▶ Task item: Copy out each line featuring the string "Gilroy" from the entries beneath.
____ Input data
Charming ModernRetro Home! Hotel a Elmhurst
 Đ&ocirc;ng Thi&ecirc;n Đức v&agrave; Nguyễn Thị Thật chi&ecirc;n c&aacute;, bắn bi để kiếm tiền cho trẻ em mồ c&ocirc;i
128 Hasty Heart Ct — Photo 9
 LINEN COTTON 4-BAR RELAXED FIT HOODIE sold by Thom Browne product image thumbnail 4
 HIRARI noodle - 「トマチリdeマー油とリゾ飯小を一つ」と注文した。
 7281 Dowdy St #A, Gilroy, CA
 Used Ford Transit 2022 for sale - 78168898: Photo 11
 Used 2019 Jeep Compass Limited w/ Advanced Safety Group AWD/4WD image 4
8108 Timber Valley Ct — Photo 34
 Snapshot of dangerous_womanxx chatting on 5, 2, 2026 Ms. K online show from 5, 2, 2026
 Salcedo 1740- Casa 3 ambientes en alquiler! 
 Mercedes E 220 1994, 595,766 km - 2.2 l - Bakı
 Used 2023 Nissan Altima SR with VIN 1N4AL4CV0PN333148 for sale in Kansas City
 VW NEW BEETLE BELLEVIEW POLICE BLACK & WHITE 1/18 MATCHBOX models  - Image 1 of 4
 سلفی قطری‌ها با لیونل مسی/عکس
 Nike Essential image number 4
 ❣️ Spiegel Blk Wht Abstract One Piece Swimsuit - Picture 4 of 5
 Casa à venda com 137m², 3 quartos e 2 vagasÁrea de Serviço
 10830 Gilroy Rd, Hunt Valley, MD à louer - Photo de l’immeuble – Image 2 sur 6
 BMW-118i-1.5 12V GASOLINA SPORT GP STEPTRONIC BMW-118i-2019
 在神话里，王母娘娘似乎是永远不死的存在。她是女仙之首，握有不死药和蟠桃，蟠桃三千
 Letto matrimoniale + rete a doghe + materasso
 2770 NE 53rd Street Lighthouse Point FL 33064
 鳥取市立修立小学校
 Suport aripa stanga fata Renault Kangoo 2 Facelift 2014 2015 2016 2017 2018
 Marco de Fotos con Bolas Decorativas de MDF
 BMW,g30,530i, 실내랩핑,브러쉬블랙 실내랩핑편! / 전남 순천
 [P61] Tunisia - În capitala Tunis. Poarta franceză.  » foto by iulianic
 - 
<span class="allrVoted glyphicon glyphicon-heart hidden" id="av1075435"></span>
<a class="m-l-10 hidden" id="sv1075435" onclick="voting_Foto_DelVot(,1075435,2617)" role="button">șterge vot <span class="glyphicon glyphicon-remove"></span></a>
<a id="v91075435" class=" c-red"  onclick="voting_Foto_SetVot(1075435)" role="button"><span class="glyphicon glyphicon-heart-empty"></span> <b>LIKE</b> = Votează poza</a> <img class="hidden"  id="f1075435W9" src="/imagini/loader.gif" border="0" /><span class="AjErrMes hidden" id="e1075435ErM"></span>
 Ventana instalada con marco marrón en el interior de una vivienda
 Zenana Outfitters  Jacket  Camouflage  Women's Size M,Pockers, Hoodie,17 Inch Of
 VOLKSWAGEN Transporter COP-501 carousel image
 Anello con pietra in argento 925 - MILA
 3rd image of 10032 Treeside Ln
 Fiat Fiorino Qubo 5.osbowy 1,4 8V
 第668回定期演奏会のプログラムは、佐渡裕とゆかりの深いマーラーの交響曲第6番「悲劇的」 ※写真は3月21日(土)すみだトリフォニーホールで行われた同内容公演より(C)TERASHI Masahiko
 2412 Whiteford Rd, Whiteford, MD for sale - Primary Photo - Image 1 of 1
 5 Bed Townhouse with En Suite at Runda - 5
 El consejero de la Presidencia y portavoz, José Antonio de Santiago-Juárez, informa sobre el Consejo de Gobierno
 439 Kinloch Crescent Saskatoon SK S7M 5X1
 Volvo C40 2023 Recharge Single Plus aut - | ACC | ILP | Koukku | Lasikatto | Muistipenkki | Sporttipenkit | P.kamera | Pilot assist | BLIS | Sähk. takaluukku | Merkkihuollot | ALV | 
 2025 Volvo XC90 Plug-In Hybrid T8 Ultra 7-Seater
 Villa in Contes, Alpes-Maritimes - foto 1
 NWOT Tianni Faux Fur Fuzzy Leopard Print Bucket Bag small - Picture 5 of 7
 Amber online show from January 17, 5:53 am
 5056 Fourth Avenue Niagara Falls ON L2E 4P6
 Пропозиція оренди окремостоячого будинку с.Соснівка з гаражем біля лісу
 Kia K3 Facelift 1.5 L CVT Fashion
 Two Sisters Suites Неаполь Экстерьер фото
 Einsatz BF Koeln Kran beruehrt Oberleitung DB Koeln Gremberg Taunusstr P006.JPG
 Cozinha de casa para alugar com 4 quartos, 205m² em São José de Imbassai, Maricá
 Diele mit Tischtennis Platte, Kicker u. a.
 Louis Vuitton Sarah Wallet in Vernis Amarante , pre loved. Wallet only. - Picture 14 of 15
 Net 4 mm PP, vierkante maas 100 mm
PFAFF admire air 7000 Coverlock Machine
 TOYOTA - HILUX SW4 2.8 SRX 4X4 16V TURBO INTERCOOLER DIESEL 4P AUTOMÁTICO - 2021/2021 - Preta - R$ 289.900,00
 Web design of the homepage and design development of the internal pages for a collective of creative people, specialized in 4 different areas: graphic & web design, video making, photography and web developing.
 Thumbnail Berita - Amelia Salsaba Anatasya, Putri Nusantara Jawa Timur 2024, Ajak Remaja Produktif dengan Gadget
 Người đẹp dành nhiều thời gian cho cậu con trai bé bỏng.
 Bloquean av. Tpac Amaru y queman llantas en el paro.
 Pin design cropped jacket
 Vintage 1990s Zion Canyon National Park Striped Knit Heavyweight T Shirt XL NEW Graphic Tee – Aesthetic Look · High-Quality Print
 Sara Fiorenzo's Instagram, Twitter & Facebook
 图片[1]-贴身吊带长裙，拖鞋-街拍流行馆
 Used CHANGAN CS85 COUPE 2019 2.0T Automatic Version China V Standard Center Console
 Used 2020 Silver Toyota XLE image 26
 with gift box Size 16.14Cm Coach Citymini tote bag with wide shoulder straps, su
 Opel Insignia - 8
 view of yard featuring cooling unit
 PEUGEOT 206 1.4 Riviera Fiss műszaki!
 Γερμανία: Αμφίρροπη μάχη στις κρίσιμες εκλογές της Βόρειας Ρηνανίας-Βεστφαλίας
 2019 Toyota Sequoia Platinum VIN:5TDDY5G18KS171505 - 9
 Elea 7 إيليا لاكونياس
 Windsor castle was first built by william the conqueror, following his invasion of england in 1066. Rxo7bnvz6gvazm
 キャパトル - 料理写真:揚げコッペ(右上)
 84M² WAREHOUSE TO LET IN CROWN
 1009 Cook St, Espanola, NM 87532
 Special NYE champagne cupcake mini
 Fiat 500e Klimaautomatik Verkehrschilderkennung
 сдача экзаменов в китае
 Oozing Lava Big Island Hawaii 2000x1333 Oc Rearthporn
________
▶ Answer section:
 7281 Dowdy St #A, Gilroy, CA
 10830 Gilroy Rd, Hunt Valley, MD à louer - Photo de l’immeuble – Image 2 sur 6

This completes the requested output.